Investing Into Uncertainty — Lessons from Endowment Investing

July 17, 2017

Warren Buffett once said on CNBC: “The world—there’s always uncertainty. Now the question is, what do you do with your money?”

Buffett may have been talking about public markets – even personal – investing. But even on the institutional side, given that we are continually surrounded by uncertainty and given that stuffing cash under a mattress – while relatively certain – carries no financial return, how should today’s institutional investors think about uncertainty?

More specifically, is there a way to consider uncertainty –use it as an investing philosophy – to drive outsized returns?

And if so, where can we turn for a guide?

It turns out there is a small group of long-horizon end investors who consistently perform well in private markets. Their superior performance in this area of investing has contributed heavily to their overall superior long-term performance.

That group is endowments.

And if investing into uncertainty feels like a potentially uncomfortable approach, it’s also one that Daniel Feder has discussed, practiced, and succeeded with for years.

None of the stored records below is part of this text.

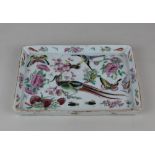 A Chinese Cantonese famille rose porcelain tray decorated with birds, butterflies, flora and fauna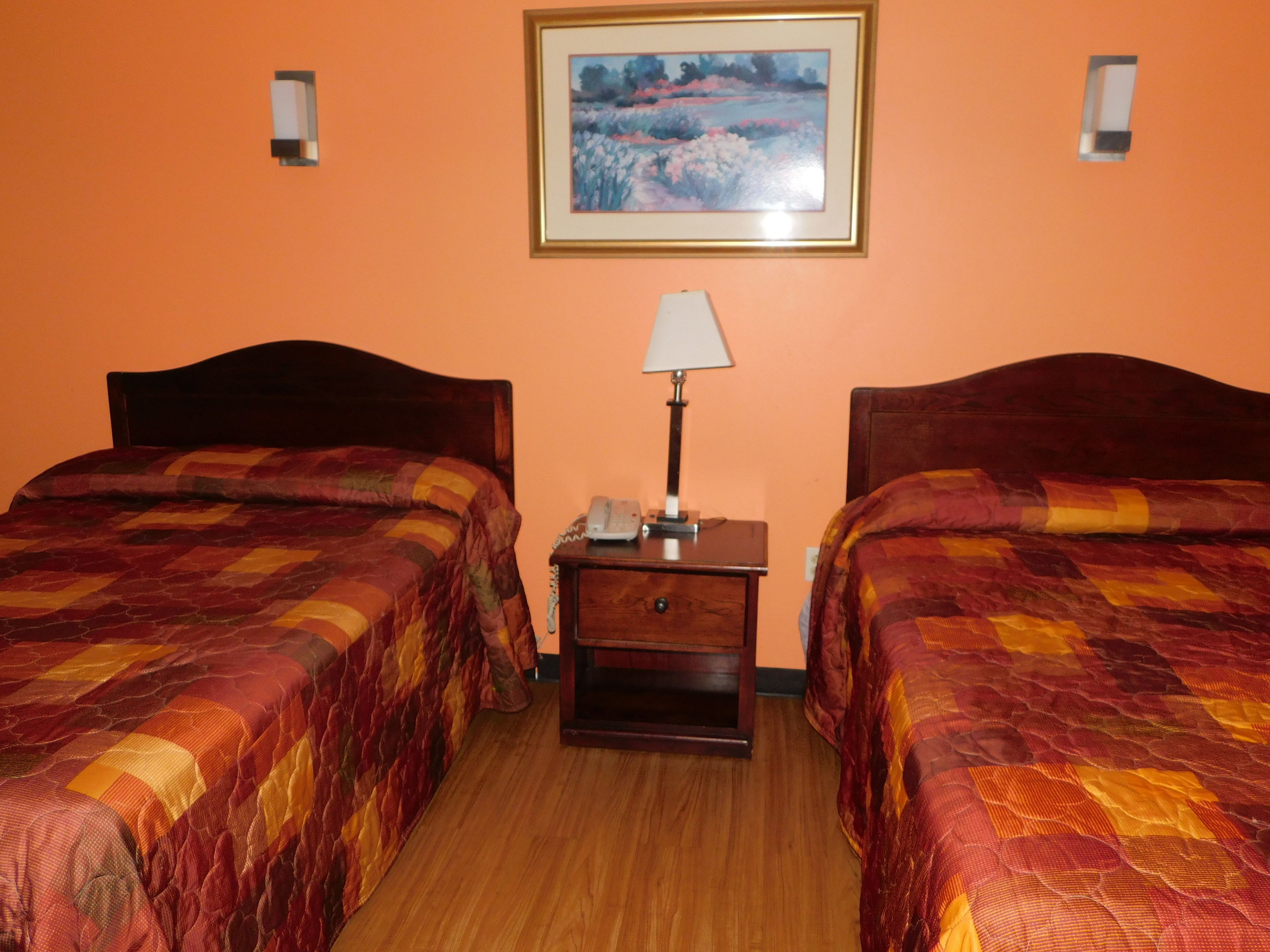 A hotel room with two beds, a nightstand with a lamp, and a framed painting on the wall.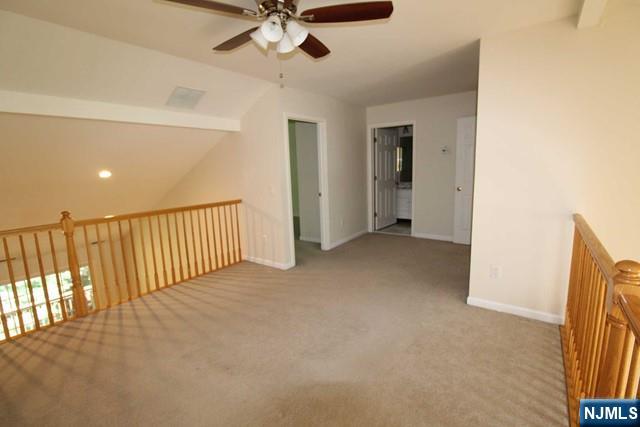 46 Pine Lake Terrace, Unit T046 Westwood, NJ 07675 - Photo 14 of 17 a view of a hallway with a ceiling fan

Feder is the Managing Director of Private Markets at the Washington University Investment Management Company. That’s the group that runs the endowment for Washington University in St. Louis. Previously Feder served as Managing Director of Private Markets for the Sequoia Capital Heritage Fund, an endowment-style investment fund sponsored by Sequoia Capital. He also served as Senior Investment Manager in the endowment services area at TIAA-CREF, and Managing Director at Princeton University Investment Company, the investment office for Princeton University’s endowment, where Dan led the development of a $4.0 billion global private equity and venture capital portfolio.